I have a data frame with eight variables. I would like to calculate the average mean of annual weighted average percent loss. However, not all variables exist for each year in my dataset. What would be the simplest method to do so?

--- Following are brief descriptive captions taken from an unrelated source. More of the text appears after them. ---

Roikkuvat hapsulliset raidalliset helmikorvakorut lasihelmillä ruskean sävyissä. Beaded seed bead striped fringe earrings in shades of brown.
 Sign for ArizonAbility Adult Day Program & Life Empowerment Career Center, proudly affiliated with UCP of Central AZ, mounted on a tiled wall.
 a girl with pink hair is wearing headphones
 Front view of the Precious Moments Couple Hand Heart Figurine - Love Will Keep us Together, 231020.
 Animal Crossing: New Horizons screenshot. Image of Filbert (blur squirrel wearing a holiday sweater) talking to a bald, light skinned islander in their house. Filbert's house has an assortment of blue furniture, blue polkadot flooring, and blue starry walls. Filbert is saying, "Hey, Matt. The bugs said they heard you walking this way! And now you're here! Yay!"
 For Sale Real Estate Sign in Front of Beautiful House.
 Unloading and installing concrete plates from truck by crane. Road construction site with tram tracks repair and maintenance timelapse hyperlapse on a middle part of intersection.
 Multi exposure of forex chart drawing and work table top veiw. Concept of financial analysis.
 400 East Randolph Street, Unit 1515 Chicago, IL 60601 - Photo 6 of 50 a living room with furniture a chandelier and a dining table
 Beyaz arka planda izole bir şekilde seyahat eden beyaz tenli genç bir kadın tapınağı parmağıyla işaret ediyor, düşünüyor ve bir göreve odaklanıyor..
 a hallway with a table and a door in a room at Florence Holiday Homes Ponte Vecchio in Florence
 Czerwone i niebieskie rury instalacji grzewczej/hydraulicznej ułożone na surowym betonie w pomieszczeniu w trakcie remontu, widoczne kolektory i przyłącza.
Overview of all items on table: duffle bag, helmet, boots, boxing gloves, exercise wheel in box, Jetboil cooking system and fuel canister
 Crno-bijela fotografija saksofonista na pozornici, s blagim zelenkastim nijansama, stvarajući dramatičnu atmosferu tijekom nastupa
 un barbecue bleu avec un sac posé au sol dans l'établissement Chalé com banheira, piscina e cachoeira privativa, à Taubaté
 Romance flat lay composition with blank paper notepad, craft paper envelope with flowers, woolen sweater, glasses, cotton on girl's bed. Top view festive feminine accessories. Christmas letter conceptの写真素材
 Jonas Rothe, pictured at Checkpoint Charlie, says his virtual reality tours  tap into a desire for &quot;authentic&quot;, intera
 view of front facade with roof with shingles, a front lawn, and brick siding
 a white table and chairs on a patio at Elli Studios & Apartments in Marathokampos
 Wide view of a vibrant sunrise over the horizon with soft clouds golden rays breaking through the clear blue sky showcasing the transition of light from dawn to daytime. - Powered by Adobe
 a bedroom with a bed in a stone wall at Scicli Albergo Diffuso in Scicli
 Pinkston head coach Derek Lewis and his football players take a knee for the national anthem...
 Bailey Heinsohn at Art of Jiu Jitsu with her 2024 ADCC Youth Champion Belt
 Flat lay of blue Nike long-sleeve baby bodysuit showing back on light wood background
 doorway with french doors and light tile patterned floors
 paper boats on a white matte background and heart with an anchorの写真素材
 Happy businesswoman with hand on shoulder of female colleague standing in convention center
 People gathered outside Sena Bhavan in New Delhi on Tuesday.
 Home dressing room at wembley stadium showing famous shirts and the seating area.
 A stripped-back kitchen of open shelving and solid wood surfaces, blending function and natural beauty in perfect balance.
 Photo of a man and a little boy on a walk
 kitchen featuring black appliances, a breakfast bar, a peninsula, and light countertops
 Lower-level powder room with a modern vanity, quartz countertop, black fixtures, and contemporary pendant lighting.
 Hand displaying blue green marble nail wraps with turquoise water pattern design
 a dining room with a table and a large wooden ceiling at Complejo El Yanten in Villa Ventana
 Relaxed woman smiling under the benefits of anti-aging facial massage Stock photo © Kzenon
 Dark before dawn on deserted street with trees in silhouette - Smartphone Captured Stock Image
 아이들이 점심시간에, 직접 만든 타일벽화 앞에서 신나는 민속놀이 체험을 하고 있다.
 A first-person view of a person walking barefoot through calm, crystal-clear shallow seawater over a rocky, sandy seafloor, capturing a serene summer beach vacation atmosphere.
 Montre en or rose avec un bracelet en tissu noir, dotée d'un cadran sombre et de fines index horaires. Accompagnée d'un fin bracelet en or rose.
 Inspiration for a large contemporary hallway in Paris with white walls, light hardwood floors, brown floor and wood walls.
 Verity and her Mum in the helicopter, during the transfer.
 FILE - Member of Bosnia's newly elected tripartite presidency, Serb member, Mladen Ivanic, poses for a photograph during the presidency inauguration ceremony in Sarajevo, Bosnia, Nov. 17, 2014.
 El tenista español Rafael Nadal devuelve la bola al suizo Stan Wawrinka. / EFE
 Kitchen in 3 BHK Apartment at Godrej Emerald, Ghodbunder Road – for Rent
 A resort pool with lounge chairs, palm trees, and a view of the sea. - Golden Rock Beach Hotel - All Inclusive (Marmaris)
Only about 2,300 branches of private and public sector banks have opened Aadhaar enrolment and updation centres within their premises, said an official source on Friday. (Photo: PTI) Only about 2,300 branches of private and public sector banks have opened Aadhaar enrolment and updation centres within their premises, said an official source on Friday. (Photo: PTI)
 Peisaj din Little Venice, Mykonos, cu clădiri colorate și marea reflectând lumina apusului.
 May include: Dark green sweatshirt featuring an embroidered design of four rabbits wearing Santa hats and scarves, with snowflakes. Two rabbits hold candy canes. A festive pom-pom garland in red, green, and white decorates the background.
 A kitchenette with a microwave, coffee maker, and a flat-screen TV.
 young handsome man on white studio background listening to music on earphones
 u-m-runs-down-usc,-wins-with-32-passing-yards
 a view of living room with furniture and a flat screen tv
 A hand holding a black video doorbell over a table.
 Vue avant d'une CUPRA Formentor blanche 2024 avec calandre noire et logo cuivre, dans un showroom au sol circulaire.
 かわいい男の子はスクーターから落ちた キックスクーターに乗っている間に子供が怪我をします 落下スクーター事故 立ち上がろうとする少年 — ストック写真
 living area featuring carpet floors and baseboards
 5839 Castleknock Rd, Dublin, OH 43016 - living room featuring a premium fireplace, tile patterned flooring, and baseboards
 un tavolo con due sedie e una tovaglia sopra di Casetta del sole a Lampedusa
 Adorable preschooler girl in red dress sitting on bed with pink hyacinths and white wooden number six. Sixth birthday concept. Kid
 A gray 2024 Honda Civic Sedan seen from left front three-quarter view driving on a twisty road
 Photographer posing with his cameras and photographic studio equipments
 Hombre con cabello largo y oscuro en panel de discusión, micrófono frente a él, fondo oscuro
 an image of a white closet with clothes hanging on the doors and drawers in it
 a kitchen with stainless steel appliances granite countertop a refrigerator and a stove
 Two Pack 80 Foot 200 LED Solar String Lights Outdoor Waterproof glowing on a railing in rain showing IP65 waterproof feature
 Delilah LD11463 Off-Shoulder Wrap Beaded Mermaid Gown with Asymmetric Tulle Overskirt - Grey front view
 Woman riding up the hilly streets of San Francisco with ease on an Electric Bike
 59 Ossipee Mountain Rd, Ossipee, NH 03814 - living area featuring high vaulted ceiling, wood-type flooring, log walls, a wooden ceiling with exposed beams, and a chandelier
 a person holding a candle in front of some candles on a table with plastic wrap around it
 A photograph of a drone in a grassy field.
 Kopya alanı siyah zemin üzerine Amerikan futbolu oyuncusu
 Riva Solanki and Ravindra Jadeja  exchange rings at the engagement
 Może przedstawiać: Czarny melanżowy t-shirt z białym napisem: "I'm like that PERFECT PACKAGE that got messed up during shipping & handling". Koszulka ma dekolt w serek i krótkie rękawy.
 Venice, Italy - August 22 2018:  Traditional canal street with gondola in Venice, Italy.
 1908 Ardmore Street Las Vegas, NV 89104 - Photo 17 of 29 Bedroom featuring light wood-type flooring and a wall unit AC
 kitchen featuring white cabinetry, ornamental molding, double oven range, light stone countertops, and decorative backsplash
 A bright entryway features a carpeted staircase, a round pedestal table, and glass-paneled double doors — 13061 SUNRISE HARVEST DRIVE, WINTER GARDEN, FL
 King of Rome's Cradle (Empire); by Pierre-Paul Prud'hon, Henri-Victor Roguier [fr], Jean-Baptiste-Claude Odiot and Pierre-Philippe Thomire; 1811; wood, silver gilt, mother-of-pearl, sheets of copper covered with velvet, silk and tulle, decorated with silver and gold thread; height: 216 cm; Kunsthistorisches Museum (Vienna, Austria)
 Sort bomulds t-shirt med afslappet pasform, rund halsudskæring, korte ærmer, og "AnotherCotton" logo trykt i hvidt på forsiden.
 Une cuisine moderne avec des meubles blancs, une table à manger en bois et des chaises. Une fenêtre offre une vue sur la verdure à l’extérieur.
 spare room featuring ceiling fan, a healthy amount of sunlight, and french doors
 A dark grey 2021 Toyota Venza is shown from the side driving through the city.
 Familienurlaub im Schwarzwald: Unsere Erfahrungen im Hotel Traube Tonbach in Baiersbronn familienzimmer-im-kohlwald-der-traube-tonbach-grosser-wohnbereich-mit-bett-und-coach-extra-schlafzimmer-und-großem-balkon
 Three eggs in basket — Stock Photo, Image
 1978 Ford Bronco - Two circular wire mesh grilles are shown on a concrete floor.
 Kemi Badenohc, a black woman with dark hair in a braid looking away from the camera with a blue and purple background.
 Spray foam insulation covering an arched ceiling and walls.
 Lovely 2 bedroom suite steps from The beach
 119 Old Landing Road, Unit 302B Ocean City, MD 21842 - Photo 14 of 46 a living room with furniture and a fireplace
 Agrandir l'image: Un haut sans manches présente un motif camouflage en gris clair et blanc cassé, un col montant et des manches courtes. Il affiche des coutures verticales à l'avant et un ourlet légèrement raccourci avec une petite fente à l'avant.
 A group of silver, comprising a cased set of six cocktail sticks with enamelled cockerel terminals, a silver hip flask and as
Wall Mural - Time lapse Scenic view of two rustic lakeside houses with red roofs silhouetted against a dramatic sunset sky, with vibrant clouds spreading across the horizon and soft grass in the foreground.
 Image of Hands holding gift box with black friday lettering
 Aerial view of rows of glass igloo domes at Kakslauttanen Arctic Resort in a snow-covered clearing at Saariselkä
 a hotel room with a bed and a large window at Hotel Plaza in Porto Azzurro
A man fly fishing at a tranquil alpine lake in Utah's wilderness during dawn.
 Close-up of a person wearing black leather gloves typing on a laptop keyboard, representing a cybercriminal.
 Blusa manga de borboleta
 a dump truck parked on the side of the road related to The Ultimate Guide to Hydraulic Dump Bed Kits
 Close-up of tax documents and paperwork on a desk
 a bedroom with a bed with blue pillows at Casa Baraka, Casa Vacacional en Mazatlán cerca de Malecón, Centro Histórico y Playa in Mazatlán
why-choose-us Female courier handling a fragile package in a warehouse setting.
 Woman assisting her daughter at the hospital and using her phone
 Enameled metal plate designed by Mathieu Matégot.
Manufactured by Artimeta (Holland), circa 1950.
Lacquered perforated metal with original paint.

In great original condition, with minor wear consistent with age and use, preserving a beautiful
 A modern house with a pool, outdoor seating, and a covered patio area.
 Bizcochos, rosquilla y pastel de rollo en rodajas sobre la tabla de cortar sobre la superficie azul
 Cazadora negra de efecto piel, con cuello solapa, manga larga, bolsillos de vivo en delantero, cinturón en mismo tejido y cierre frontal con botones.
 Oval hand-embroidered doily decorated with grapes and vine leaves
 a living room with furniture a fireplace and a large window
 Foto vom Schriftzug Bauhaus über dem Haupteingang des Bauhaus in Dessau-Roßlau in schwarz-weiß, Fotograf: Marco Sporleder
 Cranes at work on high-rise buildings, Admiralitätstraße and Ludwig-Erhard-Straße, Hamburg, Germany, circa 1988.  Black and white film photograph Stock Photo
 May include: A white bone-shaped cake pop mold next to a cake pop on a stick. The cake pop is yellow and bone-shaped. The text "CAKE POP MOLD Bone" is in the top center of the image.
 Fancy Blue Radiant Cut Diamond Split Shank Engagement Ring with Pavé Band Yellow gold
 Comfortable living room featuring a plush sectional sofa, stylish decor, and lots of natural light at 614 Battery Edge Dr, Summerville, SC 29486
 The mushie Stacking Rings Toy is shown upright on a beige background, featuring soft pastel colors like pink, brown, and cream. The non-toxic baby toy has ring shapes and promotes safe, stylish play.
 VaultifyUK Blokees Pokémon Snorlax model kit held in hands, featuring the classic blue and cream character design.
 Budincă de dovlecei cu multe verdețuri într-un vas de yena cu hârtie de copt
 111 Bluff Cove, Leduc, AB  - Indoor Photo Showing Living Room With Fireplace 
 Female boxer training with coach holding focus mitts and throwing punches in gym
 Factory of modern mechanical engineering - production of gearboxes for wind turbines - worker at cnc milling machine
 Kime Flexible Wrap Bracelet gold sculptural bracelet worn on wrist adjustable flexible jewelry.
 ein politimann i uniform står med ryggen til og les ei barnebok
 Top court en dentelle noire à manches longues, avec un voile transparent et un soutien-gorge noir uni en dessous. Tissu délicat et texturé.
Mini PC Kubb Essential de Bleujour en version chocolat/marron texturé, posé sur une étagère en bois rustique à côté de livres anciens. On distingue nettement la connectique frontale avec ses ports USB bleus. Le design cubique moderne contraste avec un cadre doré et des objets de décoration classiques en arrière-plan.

Included below is a sample dataset and final desired output.
Thank you!
sample dataset
Fruit.Type Year Primary.Wgt Primary.Loss.PCT Retail.Wgt Retail.Loss.PCT Cons.Wgt Cons.Loss.PCT
Oranges.F 1970 16.16 3.0 15.68 11.6 13.86 36.0
Oranges.F 1971 15.73 3.0 15.26 11.6 13.49 36.0
Oranges.F 1972 14.47 3.0 14.04 11.6 12.41 36.0
Oranges.F 1973 14.43 3.0 14.00 11.6 12.38 36.0
Tangerines.F 1971 2.34 5.0 2.22 20.4 1.80 52.0
Tangerines.F 1972 2.06 5.0 1.96 20.4 1.60 52.0
Tangerines.F 1973 2.07 5.0 1.97 20.4 1.60 52.0
Grapefruit.F 1970 8.22 3.0 7.97 12.8 6.90 20.0
Grapefruit.F 1971 8.55 3.0 8.29 12.8 7.20 20.0
Grapefruit.F 1972 8.56 3.0 8.31 12.8 7.20 20.0
Grapefruit.F 1973 8.57 3.0 8.31 12.8 7.20 20.0
desired output (calc'd in excel)
Output (weighted average percent loss)
Year Primary.Loss.PCT Retail.Loss.PCT Cons.Loss.PCT
1970 3.00 11.82 11.98
1971 3.00 14.95 32.16
1972 3.16 14.66 31.78
1973 3.17 14.68 31.77
Mean 3.08 14.03 26.92
Standard Error 0.048 0.737 4.980
There are many ways. I would prefer via a data.table
.
First convert your data into a data.table
:
require(data.table) #tested in data.table 1.9.4
setDT(mydata)
> mydata
Fruit.Type Year Primary.Wgt Primary.Loss.PCT Retail.Wgt Retail.Loss.PCT
1: Oranges.F 1970 16.16 3 15.68 11.6
2: Oranges.F 1971 15.73 3 15.26 11.6
3: Oranges.F 1972 14.47 3 14.04 11.6
4: Oranges.F 1973 14.43 3 14.00 11.6
5: Tangerines.F 1971 2.34 5 2.22 20.4
6: Tangerines.F 1972 2.06 5 1.96 20.4
7: Tangerines.F 1973 2.07 5 1.97 20.4
8: Grapefruit.F 1970 8.22 3 7.97 12.8
9: Grapefruit.F 1971 8.55 3 8.29 12.8
10: Grapefruit.F 1972 8.56 3 8.31 12.8
11: Grapefruit.F 1973 8.57 3 8.31 12.8
Cons.Wgt Cons.Loss.PCT
1: 13.86 36
2: 13.49 36
3: 12.41 36
4: 12.38 36
5: 1.80 52
6: 1.60 52
7: 1.60 52
8: 6.90 20
9: 7.20 20
10: 7.20 20
11: 7.20 20
Then let's do the group-based aggregation:
mydata2 <- mydata[,list(
Primary.Loss.PCT=sum(Primary.Wgt*Primary.Loss.PCT)/sum(Primary.Wgt),
Retail.Loss.PCT=sum(Retail.Wgt*Retail.Loss.PCT)/sum(Retail.Wgt),
Cons.Loss.PCT=sum(Cons.Wgt*Cons.Loss.PCT)/sum(Cons.Wgt)),
by=Year]
> mydata2
Year Primary.Loss.PCT Retail.Loss.PCT Cons.Loss.PCT
1: 1970 3.000000 12.00440 30.68208
2: 1971 3.175808 12.74412 32.15829
3: 1972 3.164209 12.71970 31.77558
4: 1973 3.165138 12.72471 31.76959
Finally, we compute the mean and se:
> colMeans(mydata2[,-1,with=FALSE])
Primary.Loss.PCT Retail.Loss.PCT Cons.Loss.PCT
3.126289 12.548234 31.596386
> require(plotrix); std.error(mydata2[,-1,with=FALSE])
Primary.Loss.PCT Retail.Loss.PCT Cons.Loss.PCT
0.04217833 0.18135513 0.31804132
I hope I had understand the logic of your computation. However, the final output is different from yours. Anyway, you may adjust the code to follow your needs.